On Wed, Aug 30, 2006 at 08:24:02PM +0200, Michael L. wrote:

Hey again Jens,

Strange, I no longer get an error when I reference the constant for
untokenized by the fully qualified name as you suggested, but results
still do not come back when searching with hyphens.

maybe the problem isn’t tokenization-related, but you’re trying to
search for a substring of the phone number not beginning at the first
character ?

example:
if your indexed value is ‘123-45-55555’,
a search for ‘123*’ or ‘123-45*’ should find the record, but a search
for ‘45*’ won’t. Is this the behaviour you experience ?

Wildcards at the beginning, as in ‘45’, don’t always work. There
currently is another thread about this topic, it’s unclear if this is
supposed to work or not atm, hope Dave can shed some light on this).

To be able to search only for area code or phone number, you should
tokenize the phone number into parts (split at the hyphens).

Jens


webit! Gesellschaft für neue Medien mbH www.webit.de
Dipl.-Wirtschaftsingenieur Jens Krämer [email protected]
Schnorrstraße 76 Tel +49 351 46766 0
D-01069 Dresden Fax +49 351 46766 66

On Wed, Aug 30, 2006 at 07:02:17PM +0200, Michael L. wrote:

unknown stored parameter untokenized

C:/ruby/lib/ruby/gems/1.8/gems/ferret-0.9.6/lib/ferret/document/field.rb:221:in

ok, the above is for Ferret 0.10.x .

:index => Ferret::Document::Field::Index::UNTOKENIZED

should work for you.

Jens


webit! Gesellschaft für neue Medien mbH www.webit.de
Dipl.-Wirtschaftsingenieur Jens Krämer [email protected]
Schnorrstraße 76 Tel +49 351 46766 0
D-01069 Dresden Fax +49 351 46766 66

Heya Jens,

Actually, I’m having the problem where no records get returned, when I
query for the full number: 123-45-55555 for example.

M.

Jens K. wrote:

On Wed, Aug 30, 2006 at 08:24:02PM +0200, Michael L. wrote:

Hey again Jens,

Strange, I no longer get an error when I reference the constant for
untokenized by the fully qualified name as you suggested, but results
still do not come back when searching with hyphens.
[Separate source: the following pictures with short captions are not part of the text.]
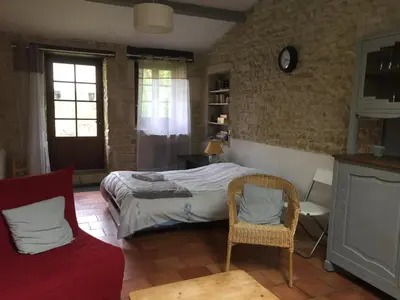 Un ou plusieurs lits dans un hébergement de l'établissement GITE DES CHOUETTES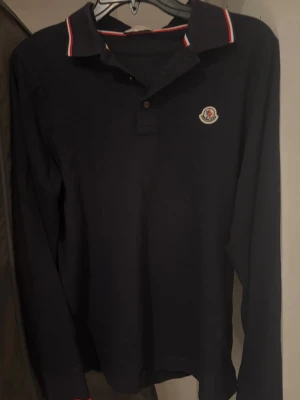 Mörkblå Moncler pikéskjorta - Snygg mörkblå långärmad pikéskjorta från Moncler med klassisk krage och rödvit rand på kragen. Bröstet pryds av Monclers ikoniska logotyp. Perfekt för en stilren och sportig look.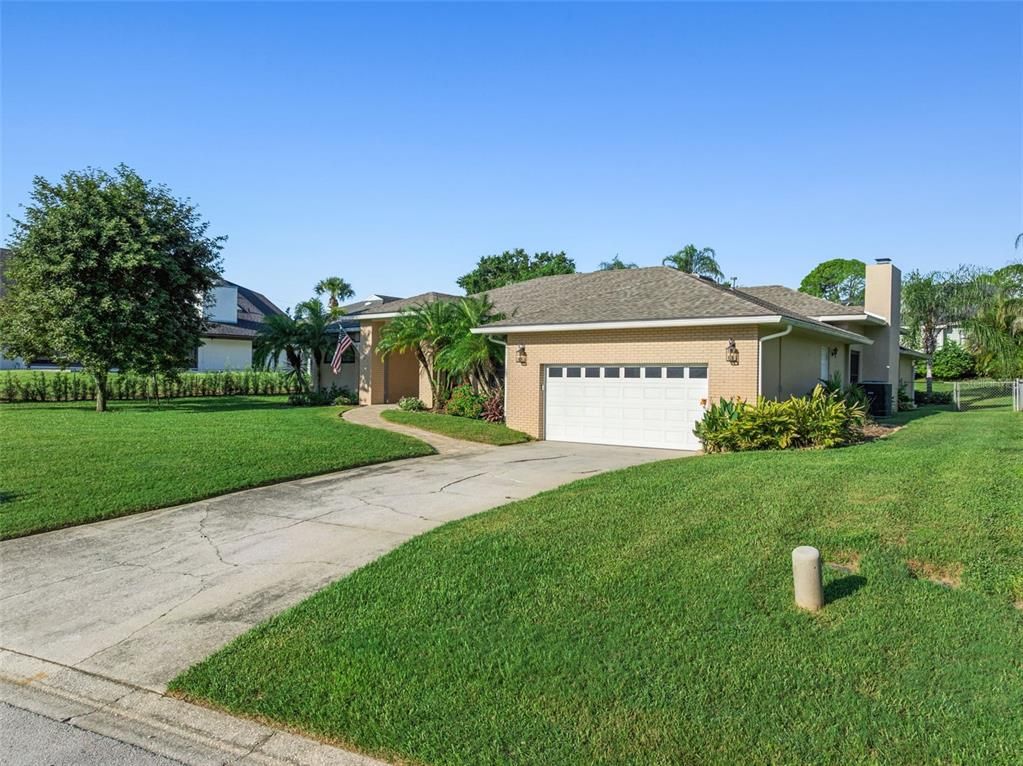 Attached, Backyard, Exterior, Facade, Brick Facade, Ranch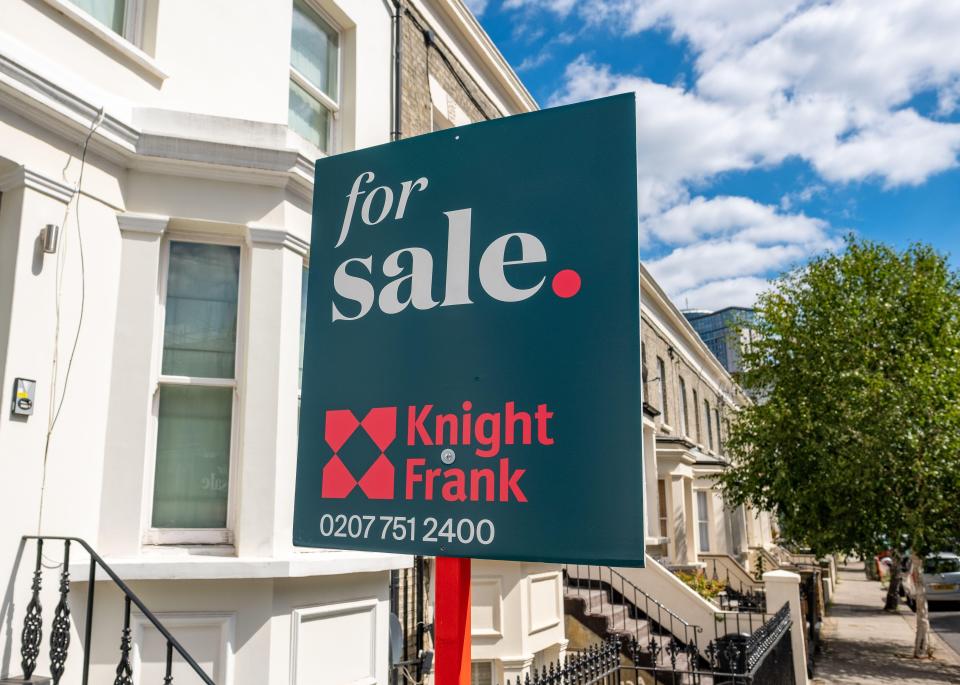 Knight Frank for sale sign outside a house.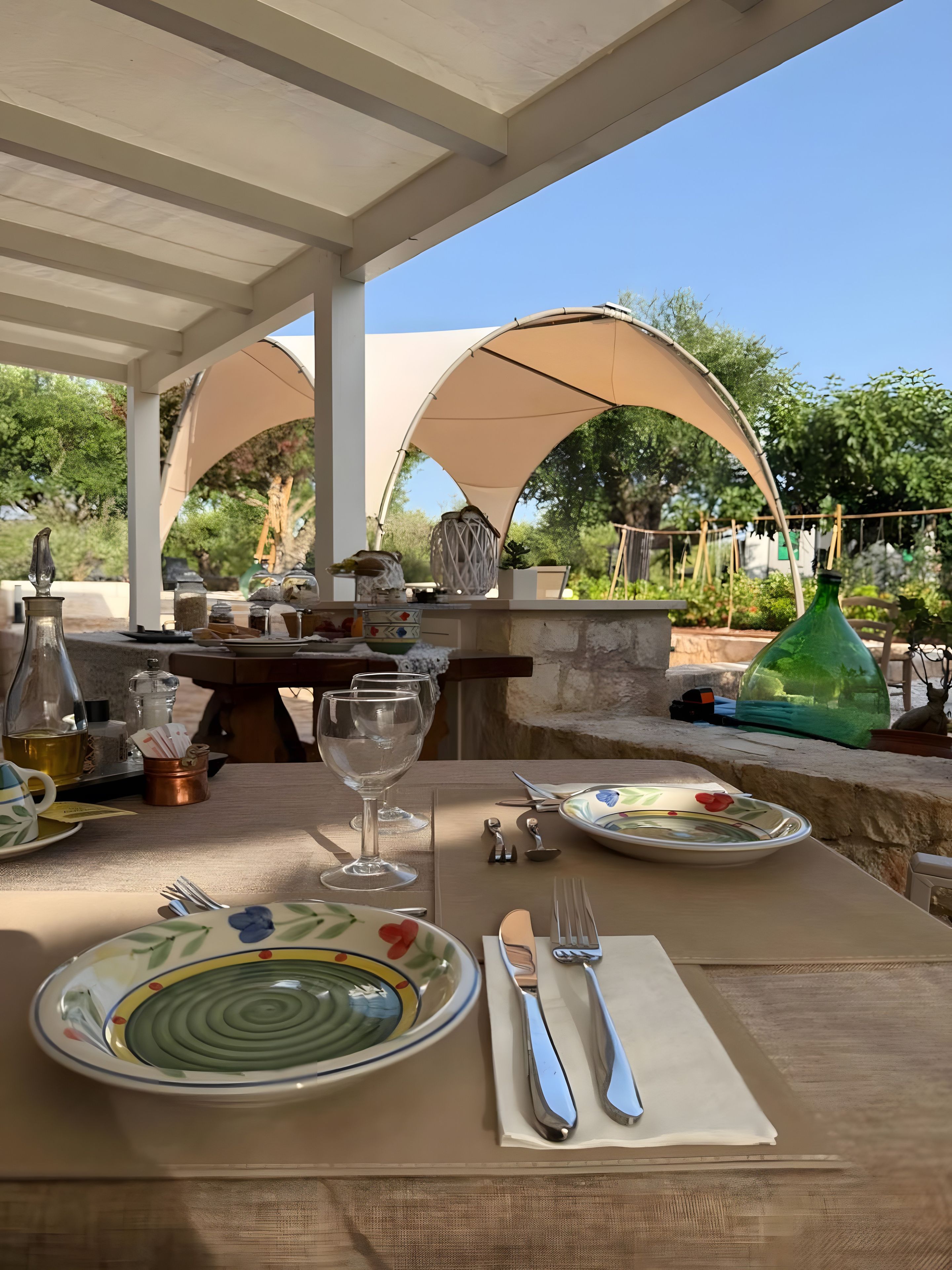 Un espace de restauration en plein air avec une table dressée pour deux personnes, offrant une vue dégagée sur le jardin et les arbres environnants.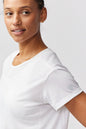 White Goal Five G5 Everyday Women's Performance Workout Top for training, with a sleek, comfortable fit and breathable fabric.
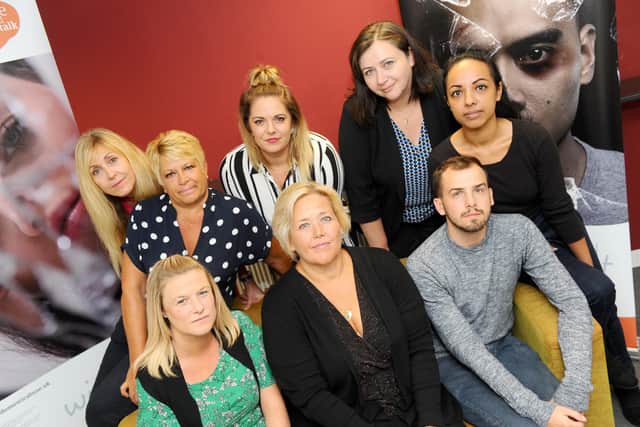 Pictured before Covid-19 is: (back l-r) Nikki Day, senior independent domestic violence advisor, Sue Harrower, service manager, Rachel Windebank, operations director, Jo Eamey, business support and development director and Helin Khan, community development worker, with (front l-r) Becky Roper, outreach adults project worker, Claire Lambon, CEO, and Marcus Ward, childrens and young person worker. 

Picture: Sarah Standing (021019-7904)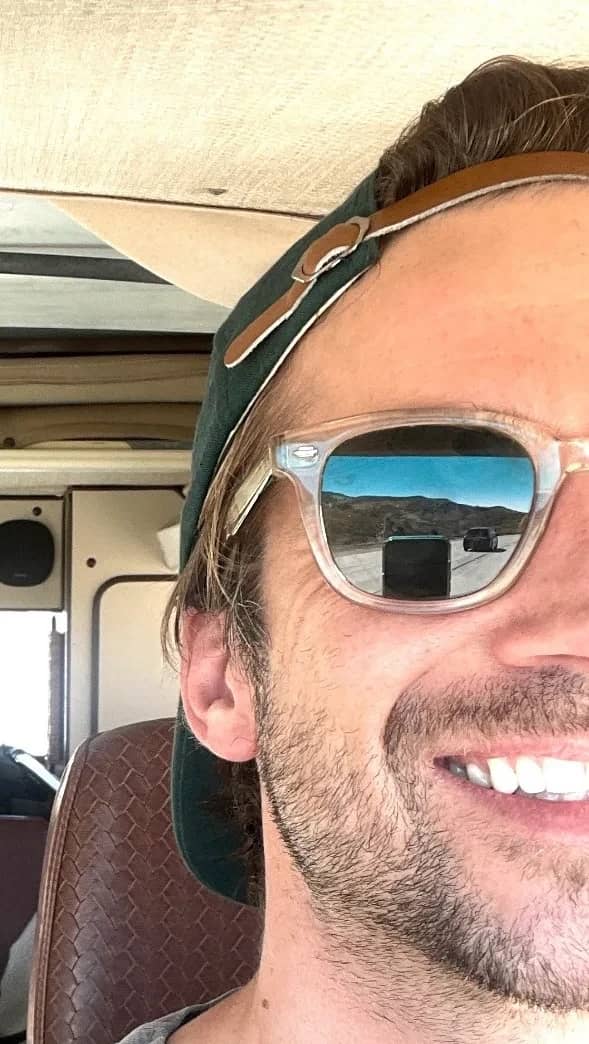 Mathieu Wauters in sunglasses and a cap inside a camper van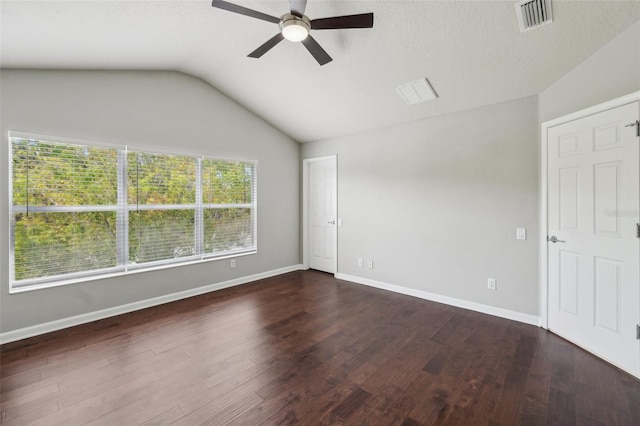10124 Westpark Preserve Blvd, Tampa, FL 33625 - unfurnished bedroom featuring vaulted ceiling, dark wood-style floors, baseboards, and a ceiling fan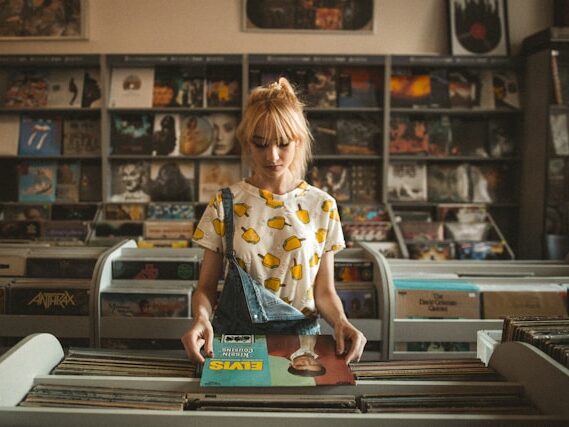 金髪の女性がレコード屋でレコードを見ている画像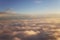 Sunset above the clouds landscape from an airplane journey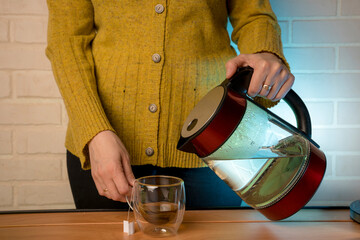 woman pouring hot water from a kettle into a clear glass mug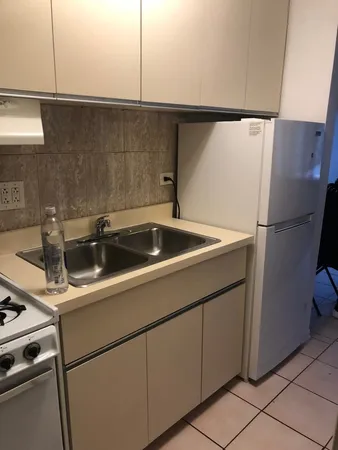 a close view of a sink and dishwasher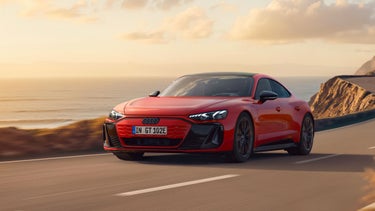 Der e-tron GT quattro auf einer kurvigen Küstenstraße bei Sonnenschein, zur Linken das Meer, zur Rechten felsiges Gebirge. 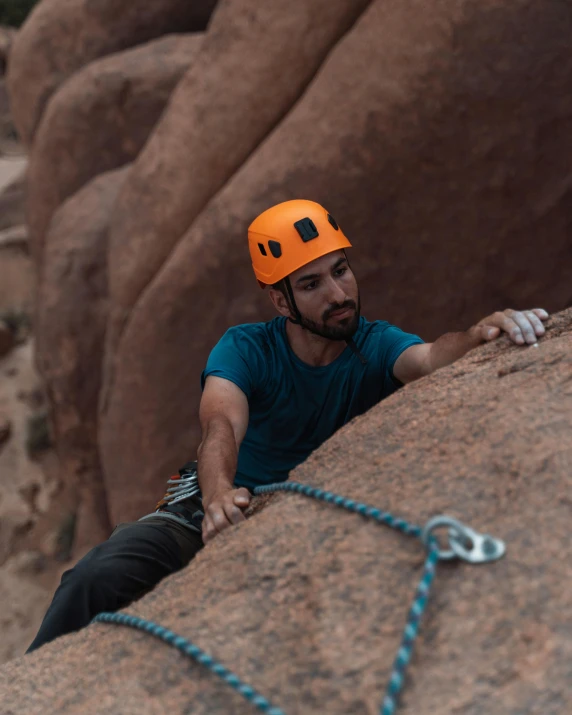 a man on a rock climbing while holding on to his hand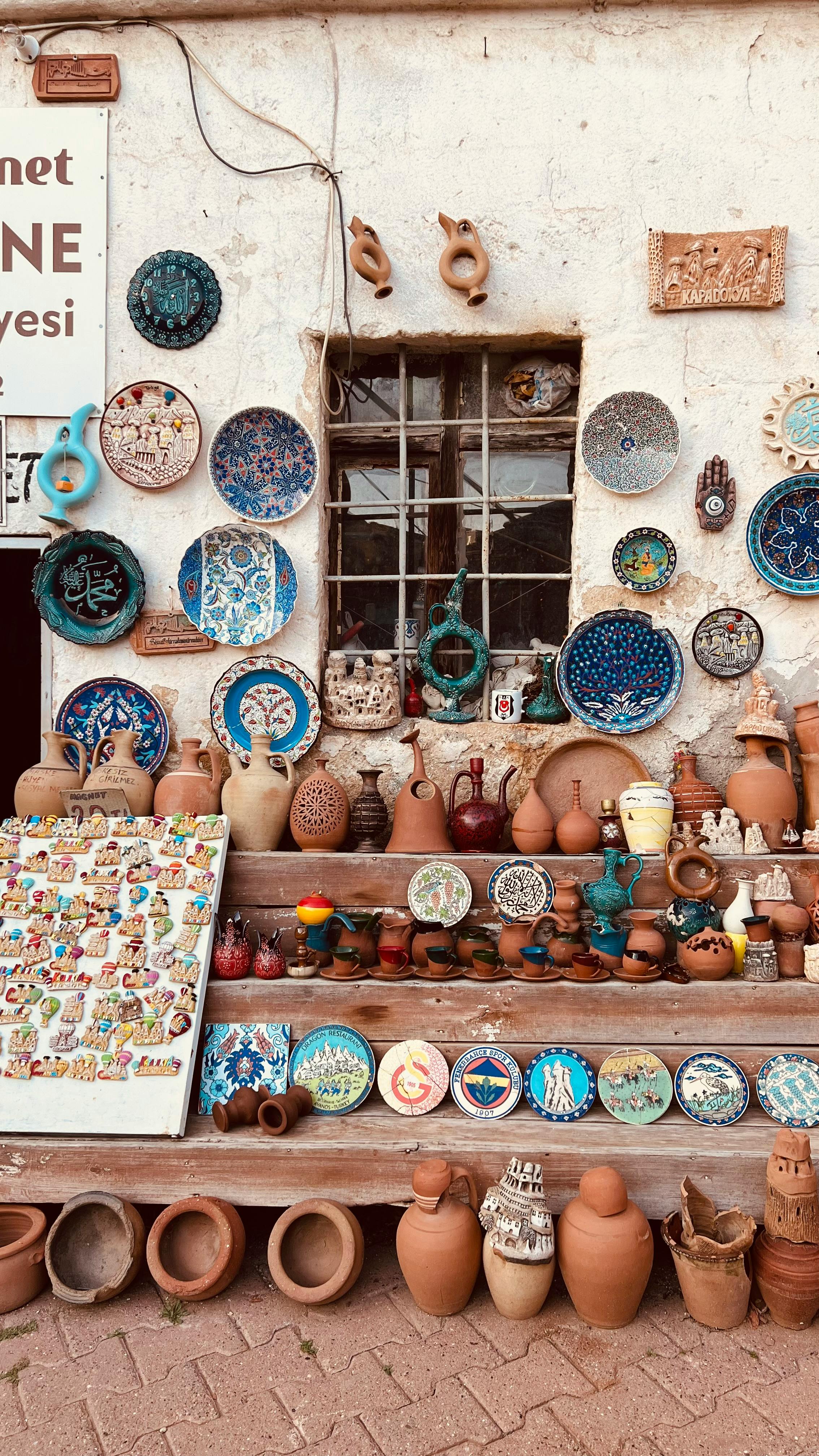 Vibrant collection of traditional pottery and ceramics in a rustic outdoor setting.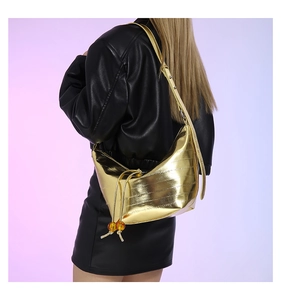 Detalle del bolso de media luna dorado con elegantes cuentas de ámbar y textura fina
maybe the problem isn’t tokenization-related, but you’re trying to
search for a substring of the phone number not beginning at the first
character ?

example:
if your indexed value is ‘123-45-55555’,
a search for ‘123*’ or ‘123-45*’ should find the record, but a search
for ‘45*’ won’t. Is this the behaviour you experience ?

Wildcards at the beginning, as in ‘45’, don’t always work. There
currently is another thread about this topic, it’s unclear if this is
supposed to work or not atm, hope Dave can shed some light on this).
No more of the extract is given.